▶ TASK OBJECTIVE:
Text in the records must be reproduced exactly, and pictures must be skipped.

▶ RAW DATA:
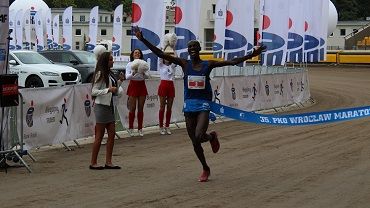 Kenijczycy znów zdominowali wrocławski maraton. Jest rekord trasy!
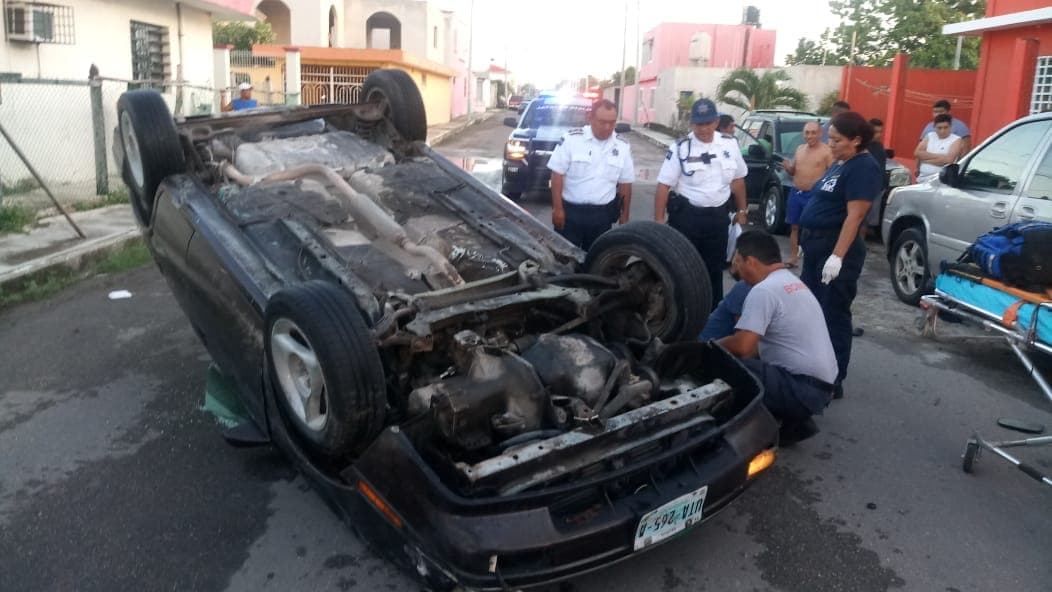 Volcadura deja dos lesionados en Chetumal
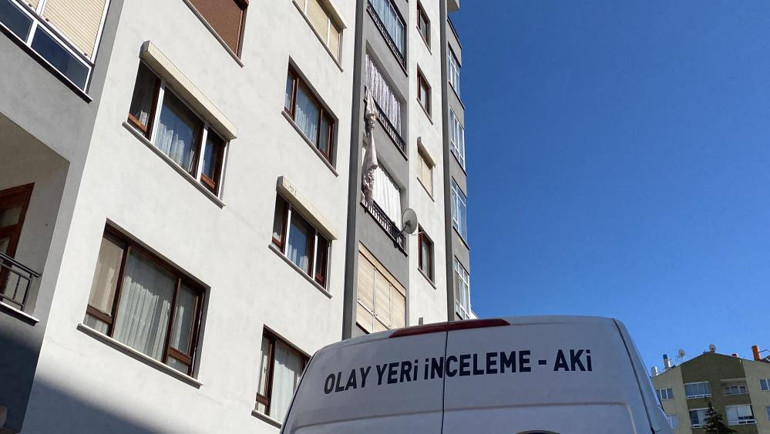 Çarşafları birbirine bağlayıp inmeye çalıştı: 19 yaşındaki genç kız ölümden döndü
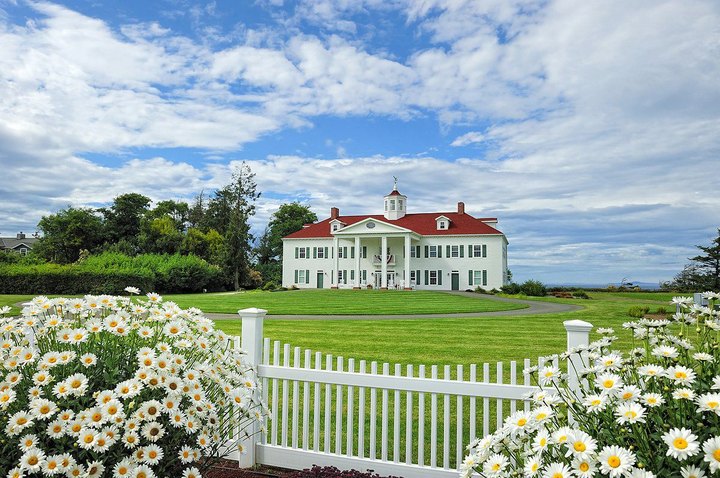 Relax And Unwind At This Luxury Bed & Breakfast On The Strait Of Juan De Fuca In Washington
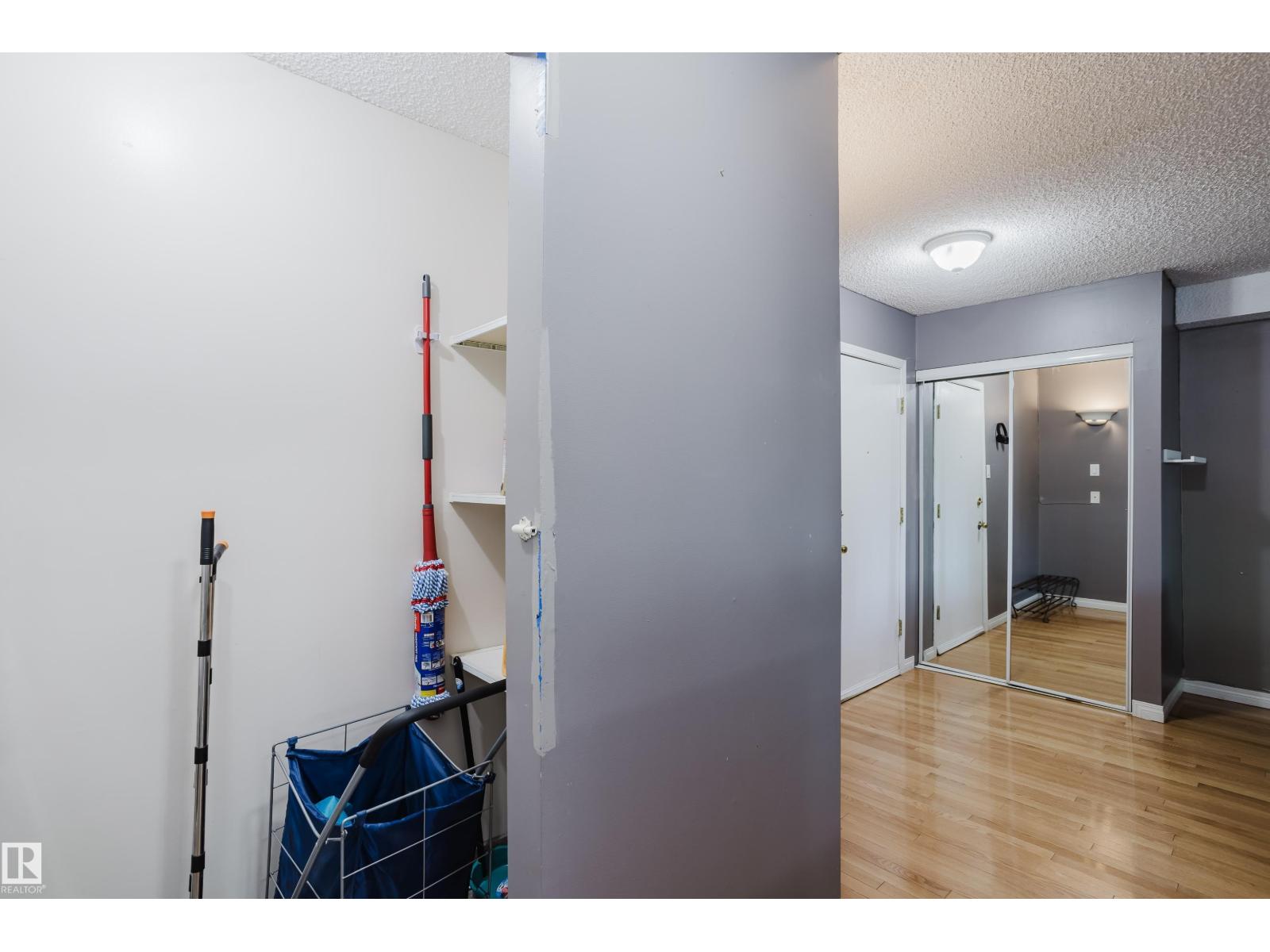Photo 26 of 106 11217 103 Av Nw, Edmonton AB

▶ EXPECTED ANSWER:
 Kenijczycy znów zdominowali wrocławski maraton. Jest rekord trasy!
 Volcadura deja dos lesionados en Chetumal
 Çarşafları birbirine bağlayıp inmeye çalıştı: 19 yaşındaki genç kız ölümden döndü
 Relax And Unwind At This Luxury Bed & Breakfast On The Strait Of Juan De Fuca In Washington
Photo 26 of 106 11217 103 Av Nw, Edmonton AB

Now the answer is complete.